In quanteda/quanteda: Quantitative Analysis of Textual Data

Test classic tokens v. hashed tokens

To test the performance of dfm construction using tokens versus classic tokenized methods.

require(quanteda, quietly = TRUE, warn.conflicts = FALSE)
data(SOTUCorpus, package = "quantedaData")
toks <- tokenize(SOTUCorpus)
toksh <- tokens(SOTUCorpus)

When already tokenized:

microbenchmark::microbenchmark(hashed = dfm(toksh, verbose = FALSE), 
                               classic = dfm(toks, verbose = FALSE), 
                               times = 20, unit = "relative")

Combining tokenization (as with dfm() on a character or corpus):

microbenchmark::microbenchmark(hashed = dfm(tokens(SOTUCorpus), verbose = FALSE), 
                               classic = dfm(tokenize(SOTUCorpus), verbose = FALSE), 
                               times = 20, unit = "relative")

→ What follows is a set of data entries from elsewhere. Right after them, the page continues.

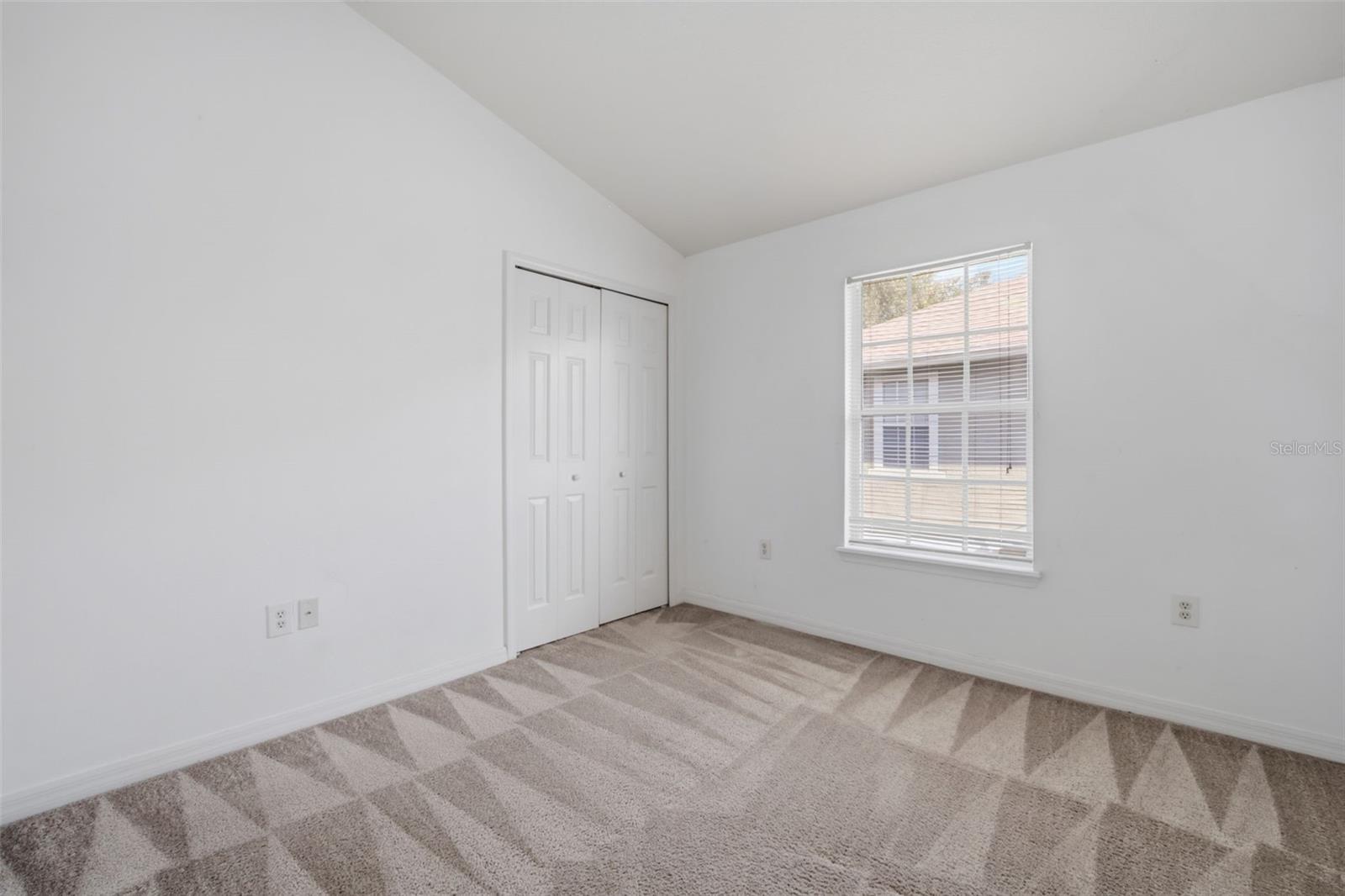 Image 17 of 40 For 27547 Pleasure Ride Loop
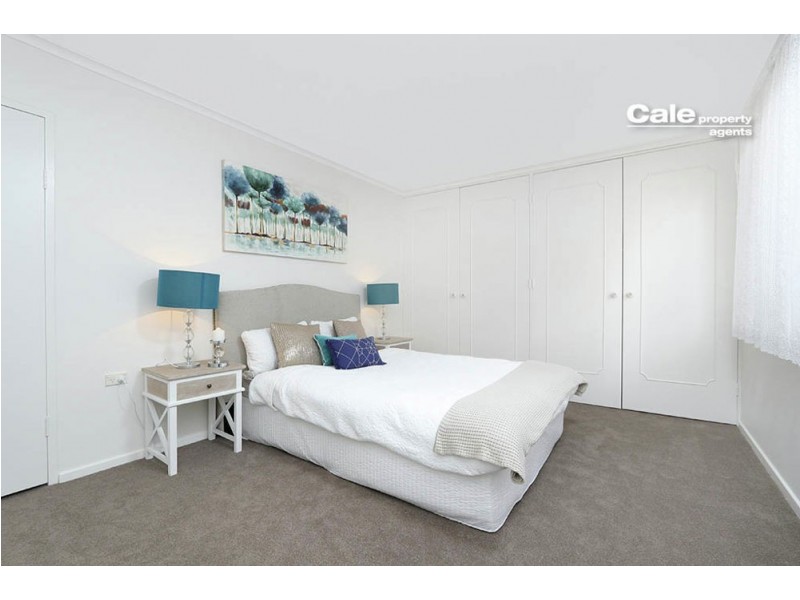 30/3-5 Kandy Avenue, Epping NSW 2121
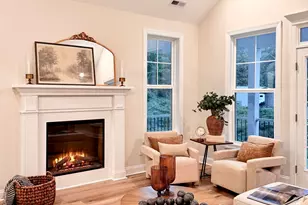 695 Sunset Dr, Carthage, NC 28327 - Photo 24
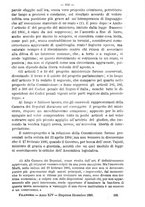 giornale/TO00184217/1889/unico/00000841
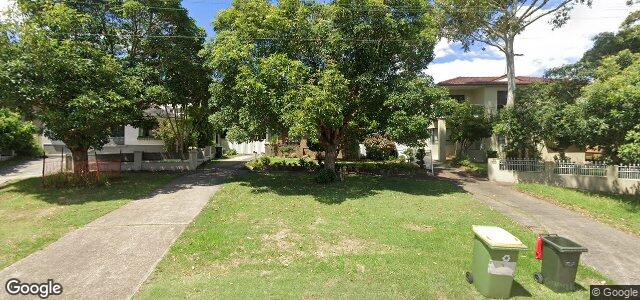 Larawan ng 38 Noble Avenue sa Winnipeg, Manitoba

Test `i, j, x` sparseMatrix v. `i, p, x`

Not much difference - but the ipx() could be taking longer because of the transpose operation.

ijx <- function(x) {
    # index documents
    nTokens <- lengths(x)
    i <- rep(seq_along(nTokens), nTokens)
    # index features
    allFeatures <- unlist(x)
    uniqueFeatures <- unique(allFeatures)
    j <- match(allFeatures, uniqueFeatures)

    new("dfm", Matrix::sparseMatrix(i = i, j = j, x = 1L, 
                                  dimnames = list(docs = names(x), 
                                                  features = uniqueFeatures)))
}

ipx <- function(x) {  
    # index documents
    p <- cumsum(c(1, ntoken(x))) - 1
    # index features
    allFeatures <- unlist(x)
    uniqueFeatures <- unique(allFeatures)
    i <- match(allFeatures, uniqueFeatures)

    new("dfm", t(Matrix::sparseMatrix(i = i, p = p, x = 1L, 
                                            dimnames = list(features = uniqueFeatures, 
                                                            docs = names(x)))))
}

microbenchmark::microbenchmark(ijx(toks), ipx(toks), 
                               times = 50, unit = "relative")